Maria Augusta, known by all as Aidê, is also a native of Minas Gerais state but arrived in Maré when she was 12-years old after the removal of her family from the Morro do Querosene favela. She remembers a fire that took over her house many years ago: “My dear, the house caught fire. It was really sad. I was sleeping when I heard a tchiii-tchiii sound. Then they knocked on the door: ‘Aidê! Aidê! The house is on fire!’ Girl, when I saw that, I went crazy. But thank God, it was all repaired and everything is back in its place,” recalls Dona Aidê, who started going to the Grandmas’ Tea at the invitation of her daughters. “I wouldn’t leave the house. I would only leave to go to the doctor’s and to my daughters’ house. They told me to come and I liked it.”

Eva Iara, who migrated to Maré from São João de Meriti, on the outskirts of Rio proper, shares that she has a twin brother named Adão. That morning was her first Tea with the Grandmothers: “Today is my first time and I enjoyed it. Every time she [Onã] would come by, she would invite me, but I was too shy. Then she said, ‘Leave this shyness and come.’ I liked it, I’ll come more often from now on.”

Onã, who is also a grandmother, states that “there is a history of Maré that only they know.” The meetings also carry out joint actions with the Lima Barreto Popular Library at Redes da Maré, and the Muda Maré environmental education project, including visits to the nearby Piscinão de Ramos pool and workshops: “We need to know Maré better. Those who live in Piscinão say that that they do not live in Maré. This group intends to reduce that distance.”

Besides the group of Nova Holanda residents, Tea with the Grandmothers has another nucleus in Vila do Pinheiro, also in Maré. All in all, there are 12 long-term female residents participating in the meetings: “It is not yet a project. We do not have funding, in fact, but we cannot stop the meetings,” says Onã.


The next step is to collect stories about Maré’s healers, or rezadeiras. “Tea with the Grandmothers is an embryo of this. We will create a project about the healers starting from their stories, and another about the folia de reis festivities in Maré from their stories,” says Onã. With their still unknown stories, the healers mark the narratives of several of Rio’s favelas. They are stories that come from the city’s South Zone favelas as well, from old-timers like Nega Vilma in Santa Marta, Dona Binha in Pavão-Pavãozinho and Cantagalo, Dona Alzira in Vidigal, and Dona Orosina Vieira in Morro do Timbau (Maré).

In the context of ongoing persecution of Afro-Brazilian religions and practices within and outside favelas, it is even more urgent to record these narratives and bring visibility to its leading characters. Dona Durvalina was a rezadeira until she was 70: “I started when I was seven and I stopped at 70. I thought the time had come. God gave everything a deadline, one for when to be born, to walk, to grow, and that was my deadline. Everything has its time.”

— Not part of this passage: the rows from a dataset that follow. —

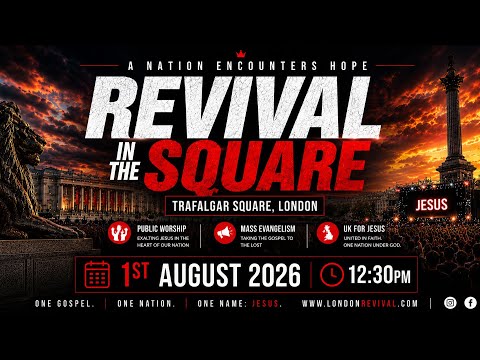 HUGE ANNOUNCEMENT 🚨 We Are Back In London For Our Next National Outreach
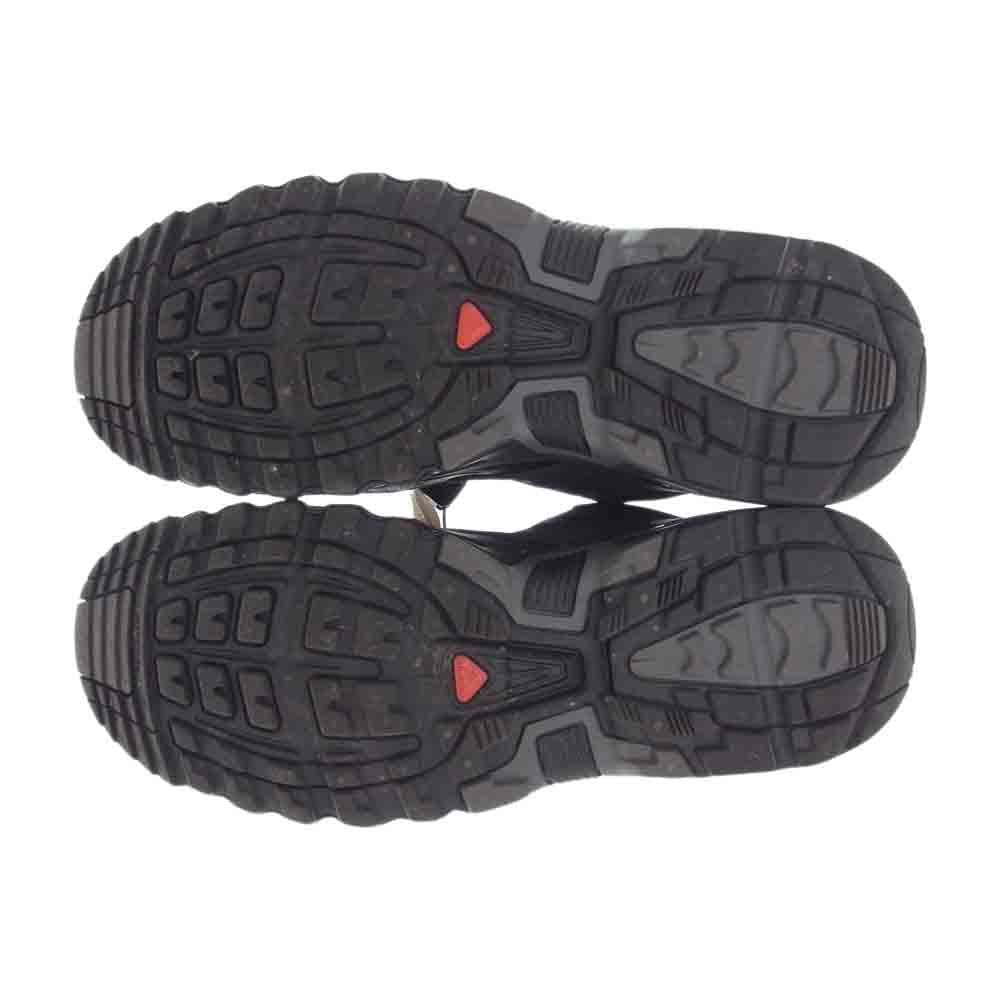 salomon サロモン 471798 ACS PRO トレッキングシューズ スニーカー ブラック系 27cm【中古】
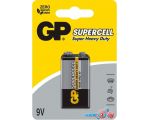 Батарейки GP Supercell 9V 6F22/1604S-2UE1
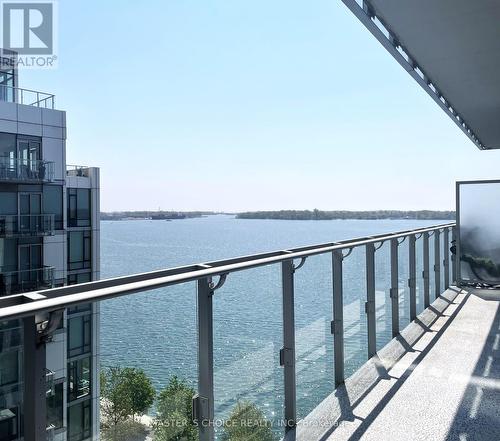1016 - 29 Queens Quay E, Toronto, ON - Outdoor With Body Of Water With Balcony With View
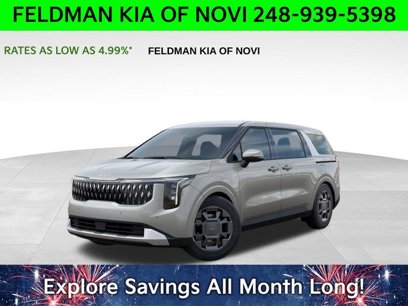 New 2025 Kia Carnival EX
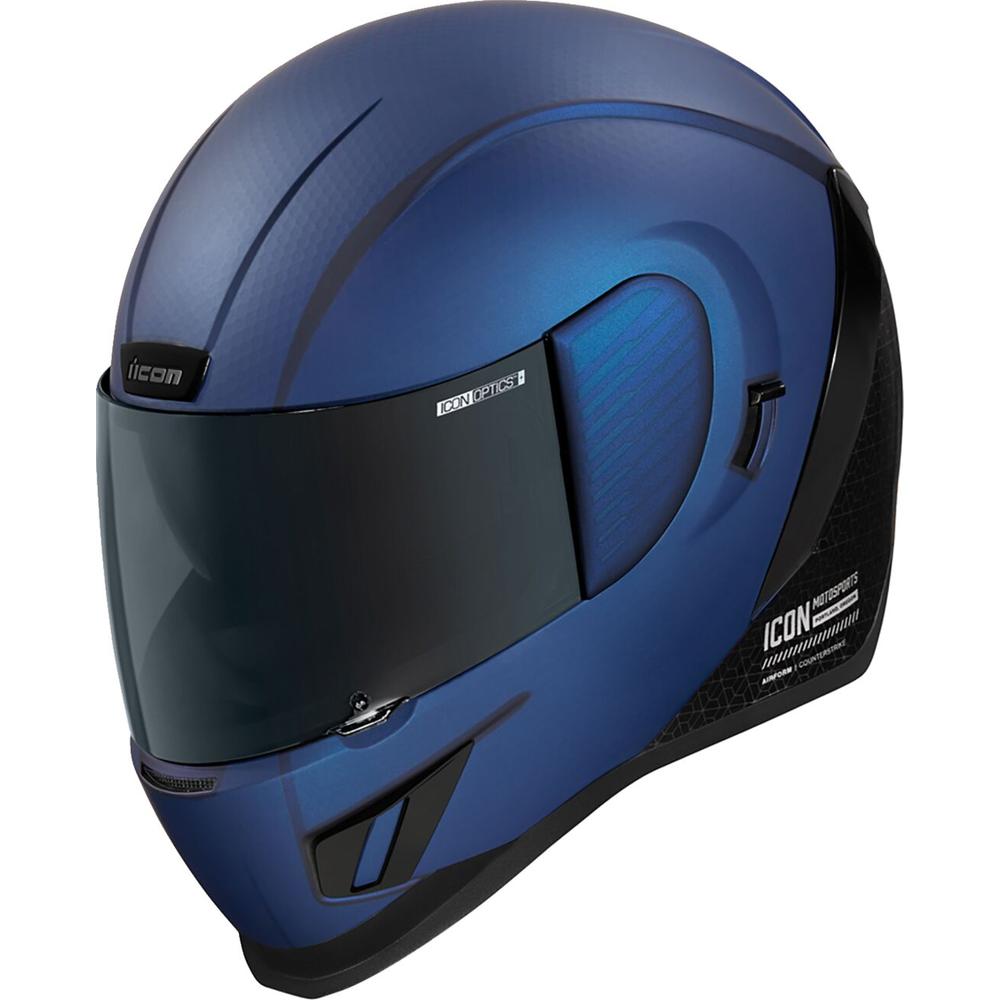 Icon Airform Counterstrike MIPS Full Face Helmet Blue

Miriane Peregrino is a researcher, community journalist, and teacher with a Master’s Degree in literature from the State University of Rio de Janeiro (UERJ). In 2013, she created the Literatura Comunica! (“Literature Speaks!”) literacy project, which is active in schools, community libraries, and cultural centers. Born in the interior of Rio state, she has worked in Maré since 2013.